# Entries provided
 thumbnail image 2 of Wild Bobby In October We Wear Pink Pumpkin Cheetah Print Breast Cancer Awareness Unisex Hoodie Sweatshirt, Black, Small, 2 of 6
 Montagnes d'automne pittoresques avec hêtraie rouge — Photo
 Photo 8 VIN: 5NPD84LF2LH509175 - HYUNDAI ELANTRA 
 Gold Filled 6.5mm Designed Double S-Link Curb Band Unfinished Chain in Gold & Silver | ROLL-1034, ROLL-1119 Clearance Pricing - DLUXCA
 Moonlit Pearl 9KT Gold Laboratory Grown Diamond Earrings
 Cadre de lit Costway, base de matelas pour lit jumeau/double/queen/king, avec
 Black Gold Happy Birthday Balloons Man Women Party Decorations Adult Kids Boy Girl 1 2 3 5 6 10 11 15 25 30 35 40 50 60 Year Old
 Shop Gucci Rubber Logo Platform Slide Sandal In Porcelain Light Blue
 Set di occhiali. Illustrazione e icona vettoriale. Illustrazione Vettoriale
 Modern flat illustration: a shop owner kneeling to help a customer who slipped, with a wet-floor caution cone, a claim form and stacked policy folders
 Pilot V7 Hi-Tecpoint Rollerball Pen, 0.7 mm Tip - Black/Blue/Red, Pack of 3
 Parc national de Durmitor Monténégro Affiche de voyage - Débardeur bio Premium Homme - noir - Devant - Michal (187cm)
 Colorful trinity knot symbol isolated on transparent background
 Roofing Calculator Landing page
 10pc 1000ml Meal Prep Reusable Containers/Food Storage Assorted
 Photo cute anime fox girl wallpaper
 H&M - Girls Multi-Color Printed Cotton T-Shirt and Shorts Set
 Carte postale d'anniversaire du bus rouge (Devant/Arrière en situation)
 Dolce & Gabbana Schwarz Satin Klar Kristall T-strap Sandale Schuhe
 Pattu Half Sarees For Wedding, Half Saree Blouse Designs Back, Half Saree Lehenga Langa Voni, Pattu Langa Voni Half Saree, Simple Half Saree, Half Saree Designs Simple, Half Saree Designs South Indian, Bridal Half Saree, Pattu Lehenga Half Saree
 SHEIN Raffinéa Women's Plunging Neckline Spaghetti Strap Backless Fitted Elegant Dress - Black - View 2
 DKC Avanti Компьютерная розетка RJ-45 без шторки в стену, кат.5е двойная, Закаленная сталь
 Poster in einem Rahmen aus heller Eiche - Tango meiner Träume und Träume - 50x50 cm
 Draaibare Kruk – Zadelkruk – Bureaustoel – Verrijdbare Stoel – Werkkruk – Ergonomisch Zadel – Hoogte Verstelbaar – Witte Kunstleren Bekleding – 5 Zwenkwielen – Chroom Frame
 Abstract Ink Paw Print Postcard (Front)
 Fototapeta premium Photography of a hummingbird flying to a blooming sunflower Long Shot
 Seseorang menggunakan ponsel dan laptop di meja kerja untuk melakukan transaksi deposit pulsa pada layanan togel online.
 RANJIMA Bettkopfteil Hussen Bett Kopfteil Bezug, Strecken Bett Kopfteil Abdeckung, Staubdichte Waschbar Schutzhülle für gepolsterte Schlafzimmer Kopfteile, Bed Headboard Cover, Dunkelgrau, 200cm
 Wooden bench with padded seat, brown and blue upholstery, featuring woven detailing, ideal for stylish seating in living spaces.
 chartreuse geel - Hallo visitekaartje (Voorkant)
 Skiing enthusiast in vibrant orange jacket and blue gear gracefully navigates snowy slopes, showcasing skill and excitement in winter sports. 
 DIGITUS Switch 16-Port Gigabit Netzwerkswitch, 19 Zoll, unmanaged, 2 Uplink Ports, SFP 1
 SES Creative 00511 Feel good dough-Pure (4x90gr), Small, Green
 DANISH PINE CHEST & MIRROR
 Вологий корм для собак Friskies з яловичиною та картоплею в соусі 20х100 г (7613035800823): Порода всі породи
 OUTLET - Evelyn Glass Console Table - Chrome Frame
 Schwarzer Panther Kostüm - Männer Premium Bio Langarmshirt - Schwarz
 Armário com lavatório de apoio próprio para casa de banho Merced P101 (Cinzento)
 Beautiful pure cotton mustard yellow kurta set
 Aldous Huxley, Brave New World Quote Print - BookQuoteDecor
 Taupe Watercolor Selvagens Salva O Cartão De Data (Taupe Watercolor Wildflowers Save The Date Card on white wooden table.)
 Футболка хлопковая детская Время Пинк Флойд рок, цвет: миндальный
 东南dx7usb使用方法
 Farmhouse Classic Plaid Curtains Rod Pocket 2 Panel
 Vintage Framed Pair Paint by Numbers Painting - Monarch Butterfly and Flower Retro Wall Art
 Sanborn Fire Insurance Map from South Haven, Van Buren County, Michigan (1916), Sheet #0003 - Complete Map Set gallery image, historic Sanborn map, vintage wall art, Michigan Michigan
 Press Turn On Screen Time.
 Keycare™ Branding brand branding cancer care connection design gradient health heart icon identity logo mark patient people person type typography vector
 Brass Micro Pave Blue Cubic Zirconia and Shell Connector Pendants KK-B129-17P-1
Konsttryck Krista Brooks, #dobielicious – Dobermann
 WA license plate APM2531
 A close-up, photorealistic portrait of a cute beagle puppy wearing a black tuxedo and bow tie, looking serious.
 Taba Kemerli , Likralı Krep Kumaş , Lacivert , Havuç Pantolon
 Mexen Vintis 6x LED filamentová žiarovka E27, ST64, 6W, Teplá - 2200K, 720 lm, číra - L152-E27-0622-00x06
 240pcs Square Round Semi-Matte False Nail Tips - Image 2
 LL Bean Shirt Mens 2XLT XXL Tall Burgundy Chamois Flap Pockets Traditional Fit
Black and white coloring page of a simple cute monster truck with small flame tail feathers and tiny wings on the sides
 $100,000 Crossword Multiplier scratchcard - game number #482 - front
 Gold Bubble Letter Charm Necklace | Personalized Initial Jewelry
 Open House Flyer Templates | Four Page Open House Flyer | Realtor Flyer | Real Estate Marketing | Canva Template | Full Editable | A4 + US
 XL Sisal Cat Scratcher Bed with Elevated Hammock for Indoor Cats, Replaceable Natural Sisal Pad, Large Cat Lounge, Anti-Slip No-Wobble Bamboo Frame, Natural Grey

# What this task involves
Scan the data, and report each line that uses the word "Women".

# Answer to the problem
 Black Gold Happy Birthday Balloons Man Women Party Decorations Adult Kids Boy Girl 1 2 3 5 6 10 11 15 25 30 35 40 50 60 Year Old
 SHEIN Raffinéa Women's Plunging Neckline Spaghetti Strap Backless Fitted Elegant Dress - Black - View 2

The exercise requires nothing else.